Parameters are crucial indicators of model complexity, reflecting the aggregate count of all trainable parameters within the model. While a higher number of parameters can enhance the theoretical representation of the model, it can also escalate computational expenses and the likelihood of overfitting. Assessing the parameter count is a common method for gauging model magnitude, and by fine-tuning this count, a harmonious equilibrium between model efficacy and computational effectiveness can be attained.
4. Discussion
In the context of advancing precision agriculture and plant phenomics, the forefront of agricultural information technology has shifted towards plant microstructure detection technology. Among the various target detection algorithms, the YOLO series models have emerged as prominent due to their superior real-time performance, optimal accuracy–speed balance, and robust scene adaptability. Nonetheless, a critical examination of prior studies reveals potential enhancements are warranted in terms of their accuracy, lightweight design, and detection speed.
This paper introduces StomaYOLO, a novel target detection network designed for identifying epidermal stomatal cells in maize leaves. StomaYOLO surpasses conventional YOLO models by integrating a Small Object Detection Layer (P2) and DynamicConv mechanisms to enhance the fusion of deep and shallow features, thereby improving computational efficiency for real-time, high-precision detection. The P2 layer enhances small object detection by extracting detailed features from shallow maps, while DynamicConv optimizes feature extraction efficiency through adaptive convolutional kernel-sharing and dynamic combination.
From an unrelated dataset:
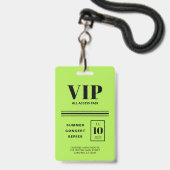 VIP Alles Toegang Fluorescerend Groen Badge (Achterkant met lanyard)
This approach prioritizes relevant features, leading to a notable 3.4% increase in mean average precision (mAP) compared to the YOLOv11 baseline model, with minimal additional computational cost. During training, we employed auxiliary task training in Multi-Task Learning and knowledge distillation, utilizing a cascade detection method based on multi-scale correlated features to establish the structural hierarchy of maize epidermal tissues. By leveraging the salient features of large-scale epidermal cells, the model accurately localizes and identifies stomata in Small Object Detection. Through knowledge distillation, we enhanced model accuracy without increasing parameters or computations. The experimental results on a self-generated maize epidermal stomatal cell dataset demonstrate that StomaYOLO outperforms other models by 9–10% in mAP with only 8.4 GFLOPS of computation. Unlike traditional machine learning methods requiring manual feature extraction design, this model automates feature extraction through deep learning algorithms, enhancing generalization capabilities without the constraints of manual engineering. With ample training data, this model can be effectively fine-tuned for various plant cell types and applications.
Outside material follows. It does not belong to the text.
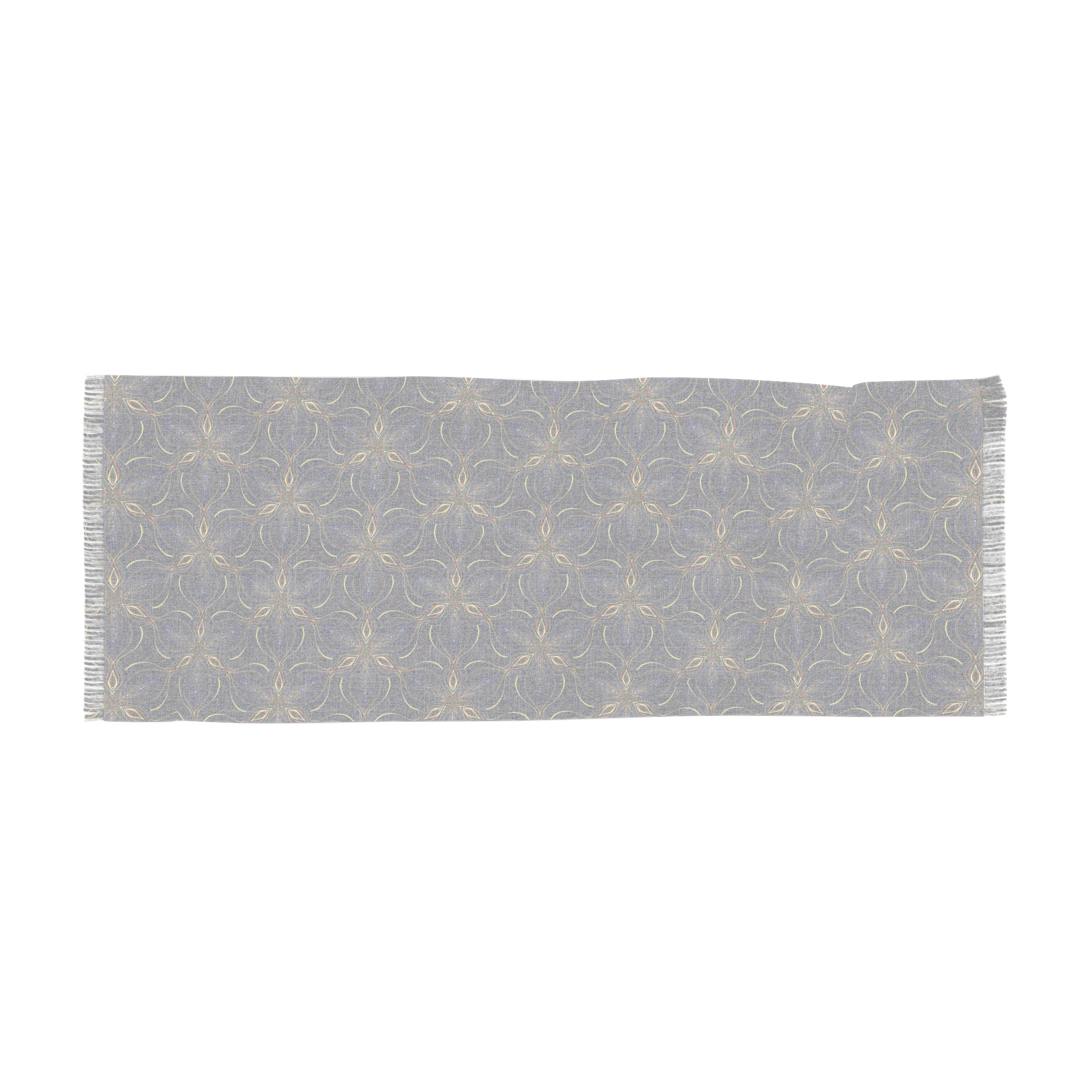 Boho Starburst Lightweight Scarf — Navy & Gold Patterned Wrap #k0987644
Throughout our investigation, we faced notable challenges and identified key limitations in our study. First, our dataset lacks diversity, particularly in simulating maize epidermal stomatal cells across different magnification levels using image-stitching techniques. While effective to a certain extent, this method still presents noticeable disparities compared to the intricate structures of actual stomatal cells. Second, our dataset predominantly comprises images of healthy cells in the closed state, with few samples depicting alternative stomatal morphologies. This limitation inherently hinders the model’s ability to generalize comprehensively.